Start to finish, return the listing below exactly, pictures excluded.

▬▬▬▬▬▬▬▬▬▬

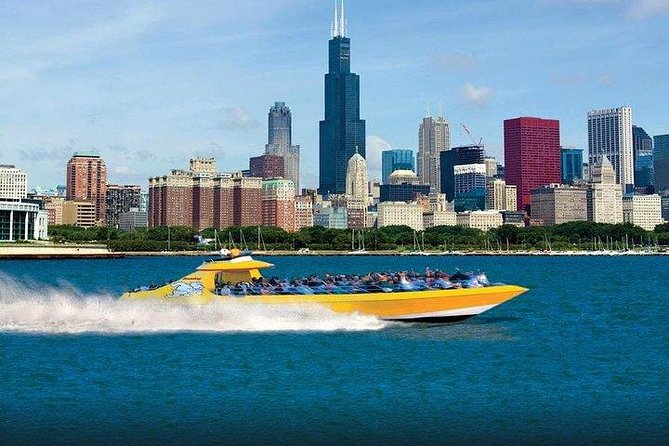 Chicago Seadog River & Lake Architectural Tour - What the Tour Includes and What to Bring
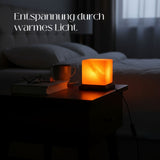 Himalaya-Salzlampe Dekotischlampe Salzkristalllampe Kristallsalzleuchte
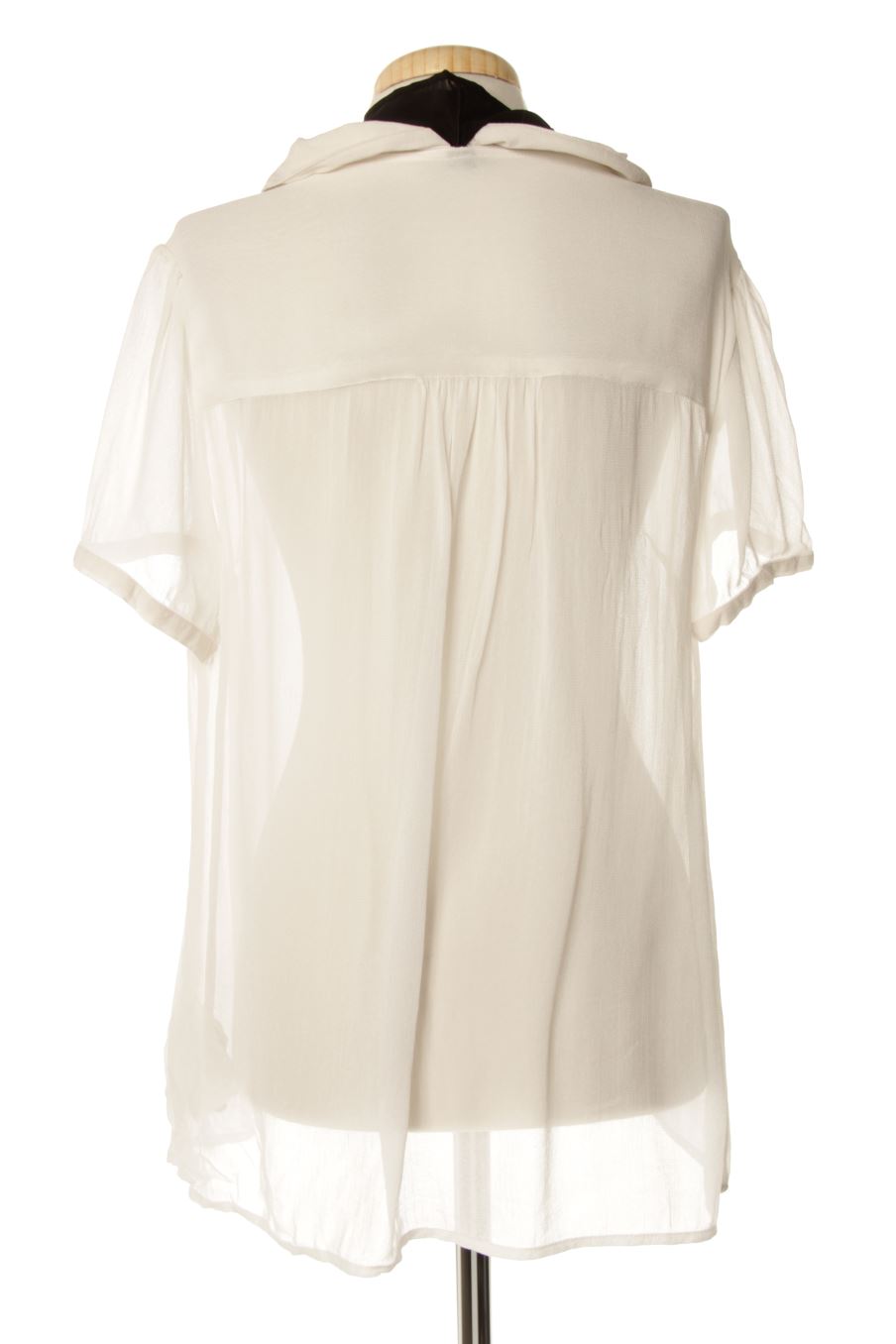 Chemise Pimkie de la taille 42, de couleur blanc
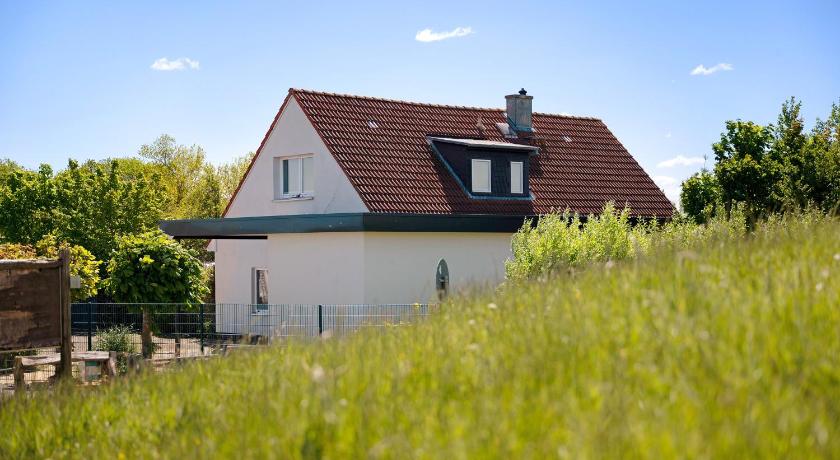 Ferienhaus Deich Auf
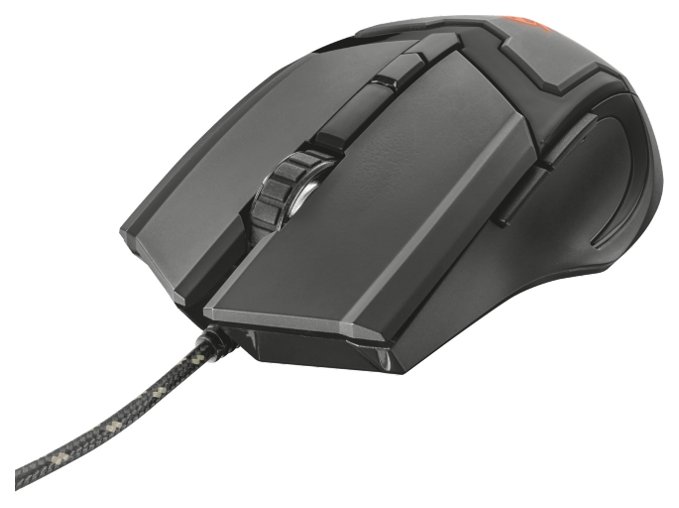 

Мышь TRUST GXT 101 Gaming Mouse (21044)
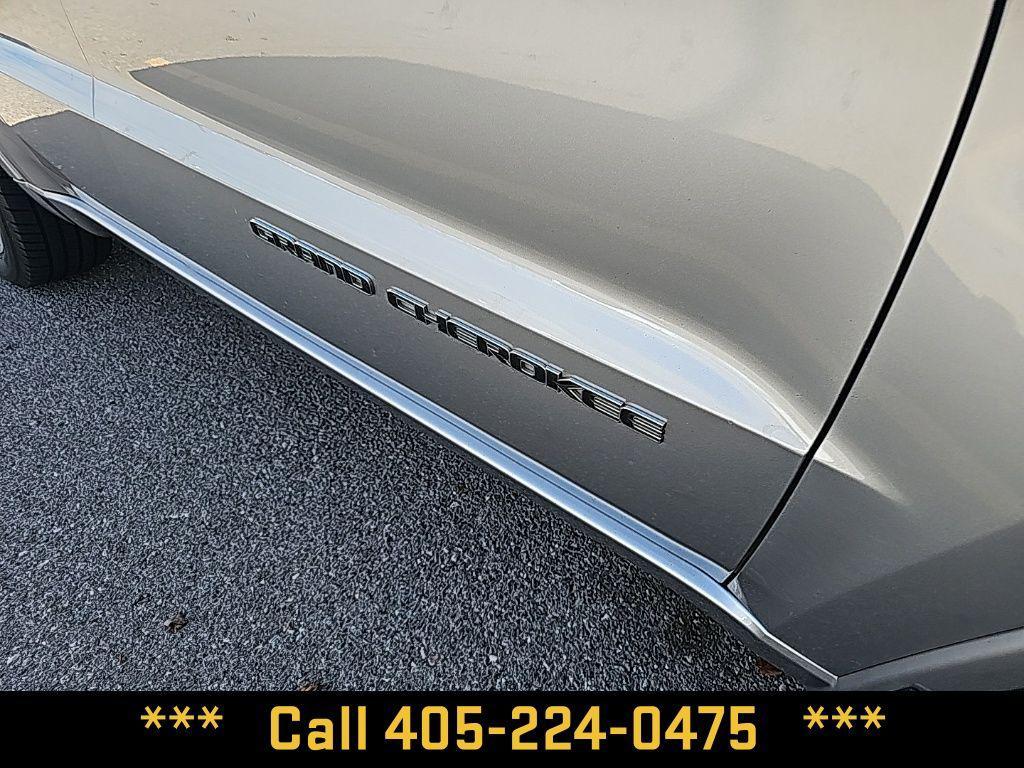 used 2018 Jeep Grand Cherokee car, priced at $21,600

▬▬▬▬▬▬▬▬▬▬

* Answer
 Chicago Seadog River & Lake Architectural Tour - What the Tour Includes and What to Bring
 Himalaya-Salzlampe Dekotischlampe Salzkristalllampe Kristallsalzleuchte
 Chemise Pimkie de la taille 42, de couleur blanc
 Ferienhaus Deich Auf

Мышь TRUST GXT 101 Gaming Mouse (21044)
 used 2018 Jeep Grand Cherokee car, priced at $21,600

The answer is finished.